Data in this exercise:
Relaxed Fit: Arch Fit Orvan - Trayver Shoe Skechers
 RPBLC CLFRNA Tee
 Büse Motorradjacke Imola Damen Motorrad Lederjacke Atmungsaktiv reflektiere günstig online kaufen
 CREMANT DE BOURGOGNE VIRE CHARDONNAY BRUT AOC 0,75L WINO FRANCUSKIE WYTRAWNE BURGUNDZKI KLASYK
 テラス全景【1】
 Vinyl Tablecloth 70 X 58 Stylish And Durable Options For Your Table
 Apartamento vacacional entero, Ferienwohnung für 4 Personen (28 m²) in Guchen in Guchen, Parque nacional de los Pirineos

What to produce:
All lines from the one containing "Vinyl Tablecloth 70" through the last line of the data, both included, are to be retyped exactly, and no other line belongs in the answer.

Task output:
 Vinyl Tablecloth 70 X 58 Stylish And Durable Options For Your Table
 Apartamento vacacional entero, Ferienwohnung für 4 Personen (28 m²) in Guchen in Guchen, Parque nacional de los Pirineos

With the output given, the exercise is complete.